= ECompliance =

Biometrics based Android application

eCompliance is a biometrics based Android application loaded onto an Android tablet which is connected to a fingerprint reader and/or iris scanner. It was developed by Microsoft Research for the use of Operation ASHA – an NGO dedicated to healthcare treatment, especially tuberculosis . It is used to ensure adherence to various protocols and for ensuring accurate measurements and transparency of operations. It is being used to provide adherence to the Directly Observed Therapy, Short-Course (DOTS) protocol of TB treatment in India and Cambodia. It has also been used by Operation ASHA to ensure patient adherence of hemophilia treatment protocol.

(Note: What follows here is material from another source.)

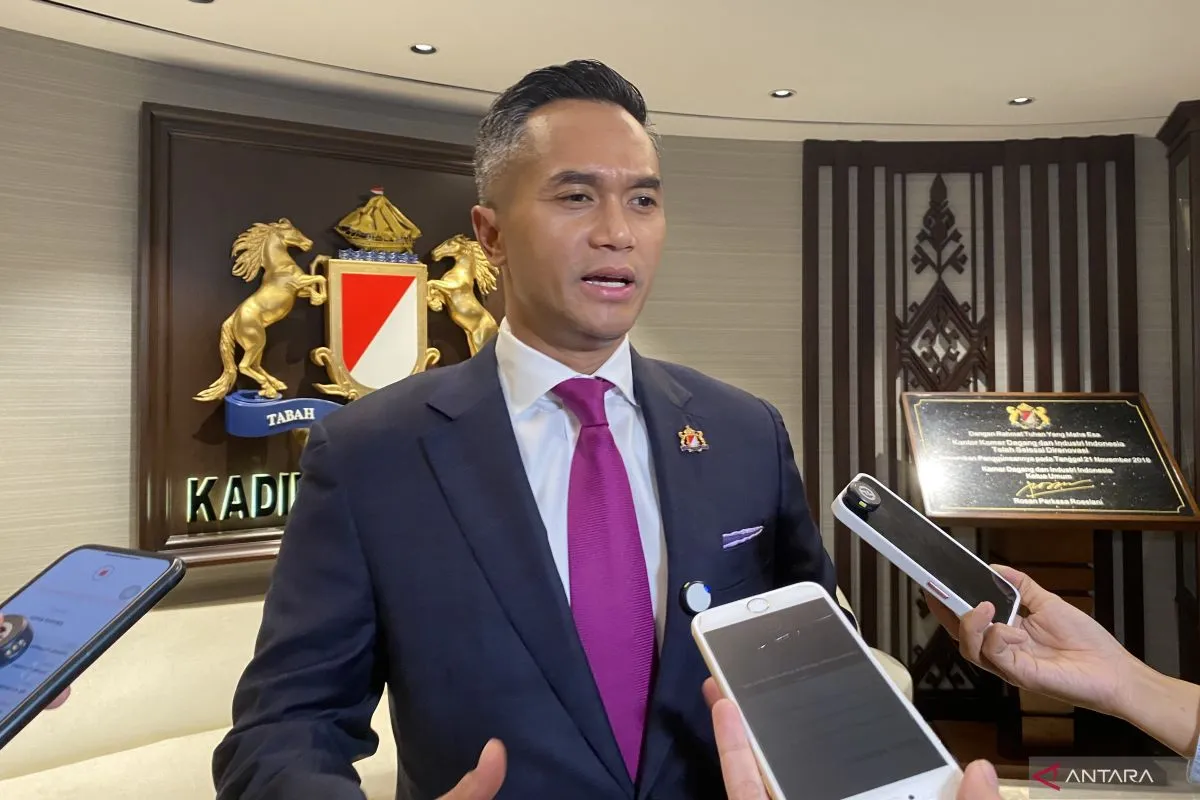 Kadin Siapkan 4 Agenda Strategis untuk Perkuat Ketahanan Ekonomi Nasional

eCompliance has been replicated by third parties in various countries, including Uganda, Kenya, Peru, the Dominican Republic, Afghanistan, and Tanzania. It has been rolled out for nearly 28,000 TB and hemophilia patients. The system has recorded over one million transactions. The tablet on which eCompliance is used on is connected to a central server through internet and updates that server whenever synced, allowing data to be easily accessed from a central server. It can hence work offline as well.

==Description==

For TB treatment, patients are enrolled into eCompliance by scanning their fingerprints at the time of registration into Operation ASHA’s program. Basic demographic data, like address and phone number, are recorded into the system along with the schedule of the patient for coming into Operation ASHA’s centers to take their medication. When the patients go to the treatment center to take their medication, their fingerprint is scanned along with the fingerprint of the health worker present. Only then is the medicine given to the patient to swallow. The simultaneous scanning of both fingerprints is proof that the medicine was given under direct supervision, which is required by the DOTS protocol of TB treatment that Operation ASHA follows. If a patient fails to show up, the health worker gets a text message from the eCompliance system. The health worker then goes to the patient's house to give them the medication and scan their fingerprint as proof of medication intake. Thus, eCompliance has decreased the number of missed doses drastically and the default rate (i.e. the rate at which patients drop out of the treatment program) also reduces by a huge margin.

== Research ==
In western Uganda, research was carried out to determine the efficacy and impact of eCompliance in TB treatment of patients . Through direct observation of 142 patients, DOTS outcomes of patients in the eCompliance intervention group were compared to patients in two control groups. It was found that the intervention patients had a higher cure rate than all other patients (55% versus 28.3%). The intervention group had a default rate to follow up rate lower than all other groups (0% versus 7%). Also, the intervention group had significantly lower odds of having a negative DOTS outcome (0% versus 17%).

The perceived impact of eCompliance was evaluated by interviews with 8 health workers, 4 center owners, and 23 patients . It was found that eCompliance helps draw patients to treatment centers by incentivizing health workers to convince patients to come, and by persuading patients that in-person visits are important. Professor Yanis Ben Amor describes the system as "a staggering improvement".